(INPUT):

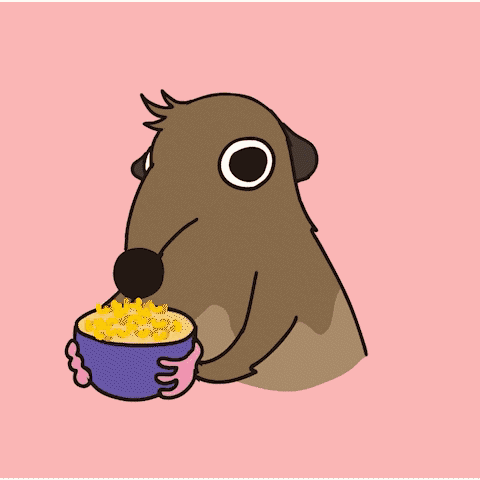 Eating Food GIF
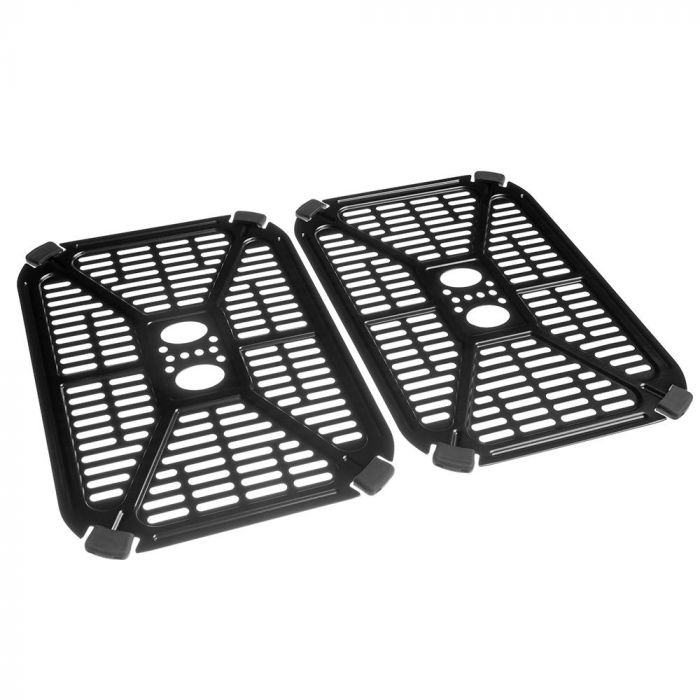 Мультипіч Russell Hobbs Satis Fry DualBaske 2800Вт, чаша-4.5/4.5л, сенсорне управл., 9 авто. программ, пластик, чорний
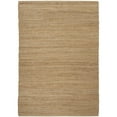 thumbnail image 1 of Nourison Natural Jute Solid Natural 6' x 9' Area Rug (6x9), 1 of 11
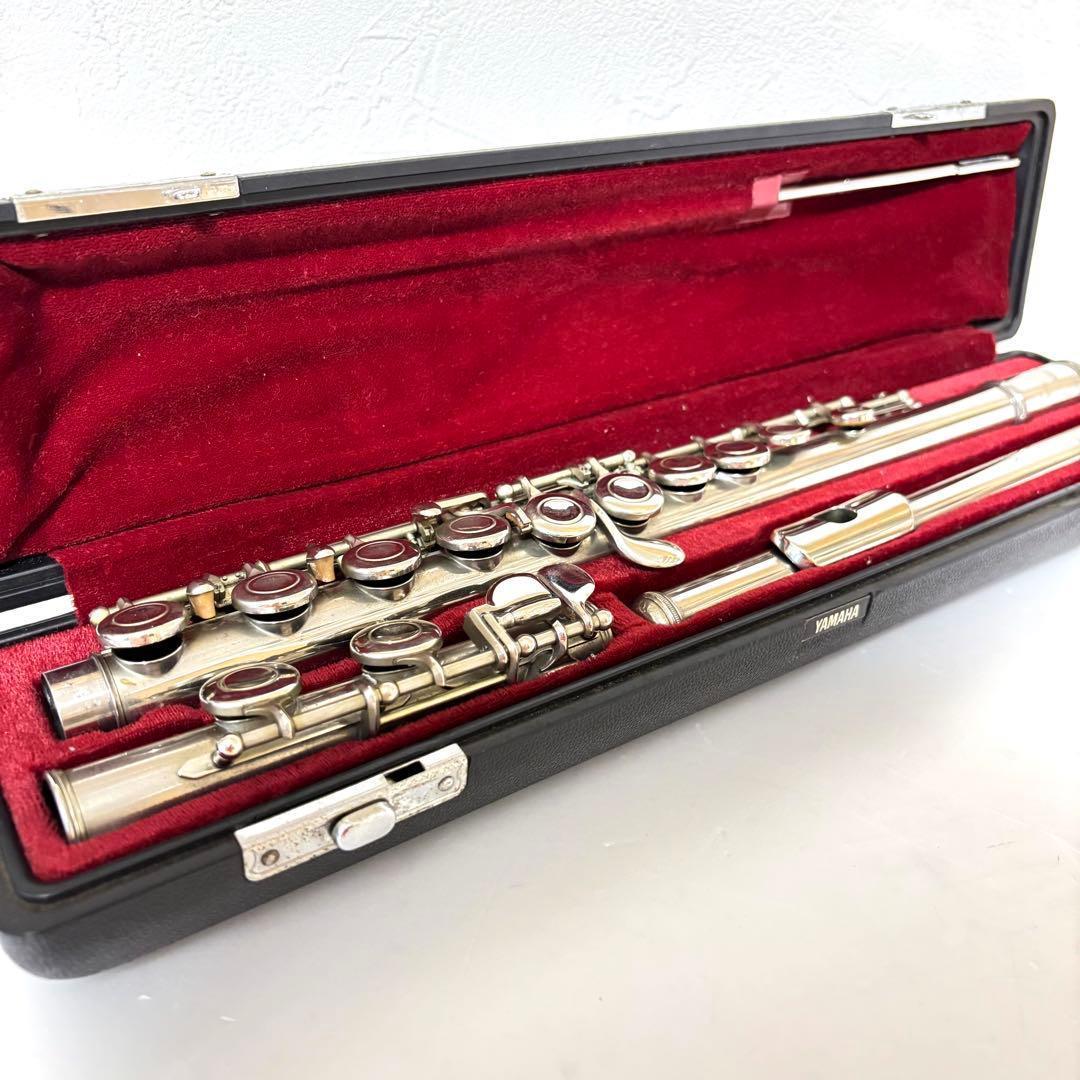 【美品】YAMAHA フルート FYL-211 入門用 Eメカ搭載 ケース付
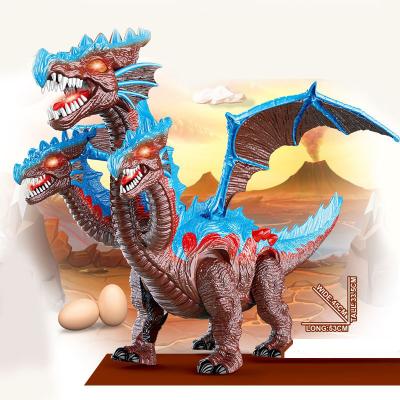 China Walking Battery Powered Dinosaur With Eggs Light And Healthy Laying Dinosaur Toys Carry Dinosaur for sale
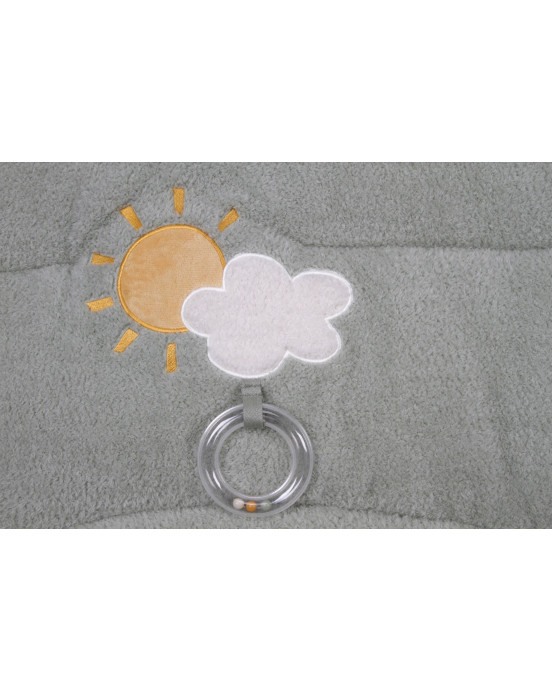 LITTLE DUTCH. Υφασμάτινο στρώμα δραστηριοτήτων Little Farm 100x80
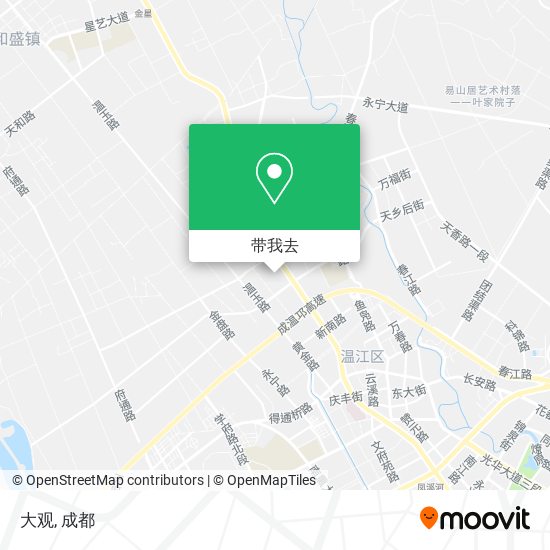 大观地图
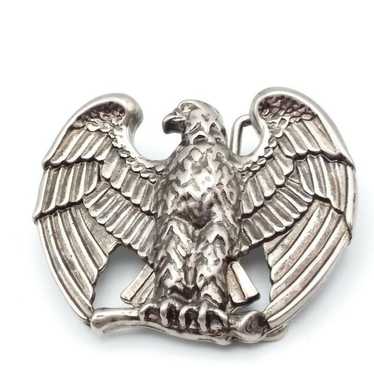 Vintage Magestic Eagle Womens Buckle Motorcyle Bi… - image 1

(ASSIGNED TASK): Take the material above and set it down exactly, minus the images.

(RESPONSE TO THIS EXERCISE):
 Eating Food GIF
 Мультипіч Russell Hobbs Satis Fry DualBaske 2800Вт, чаша-4.5/4.5л, сенсорне управл., 9 авто. программ, пластик, чорний
 thumbnail image 1 of Nourison Natural Jute Solid Natural 6' x 9' Area Rug (6x9), 1 of 11
 【美品】YAMAHA フルート FYL-211 入門用 Eメカ搭載 ケース付
 China Walking Battery Powered Dinosaur With Eggs Light And Healthy Laying Dinosaur Toys Carry Dinosaur for sale
 LITTLE DUTCH. Υφασμάτινο στρώμα δραστηριοτήτων Little Farm 100x80
 大观地图
 Vintage Magestic Eagle Womens Buckle Motorcyle Bi… - image 1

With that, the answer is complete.